This long Labor Day weekend was one of food and family. Having my brother in town means another pair of hands in the kitchen! And what better opportunity to try my first curry and a peach dessert that have been burning the pixels on my pinterest board for months. First for the butter chicken. This particular recipe was specifically a slow cooker recipe but we made some adjustments and used my dutch oven instead.



We followed this recipe but browned the chicken first, adding it back at the end. And we also caramelized the onions and garlic before adding the the rest of the curry ingredients. And the 4 hours was shortened to about 45 minutes. Making my first curry was easier than expected but we did forget a key ingredient which was the cream that was supposed to be added at the end. As a result, our butter chicken was quite tomato-y but still good!
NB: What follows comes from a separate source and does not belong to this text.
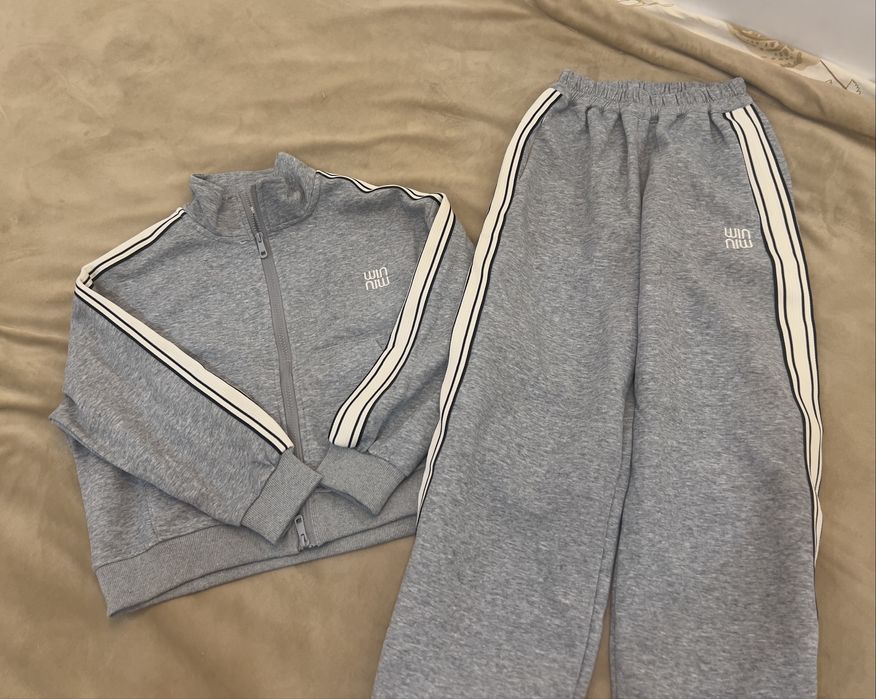 Костюм для девочки, размер 140 см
Now for the main event: Dessert! Behold my favorite dessert of the summer thus far: Broiled Peaches with Mascarpone and Rye Whiskey Caramel adapted from this recipe.


Amazingly good and so easy too. Broil the peaches in the oven (you could grill them too) until soft. Make the caramel in the meantime by melting sugar and water until a deep amber color. Add the cream in steadily and add a shot or so of rye whiskey and a dash of salt to finish. Dollop some mascarpone onto the cooked peach, and drizzle to your hearts content.


After you buy a container of mascarpone and make a jar of this caramel, what’s keeping you from making this every night? So dangerous.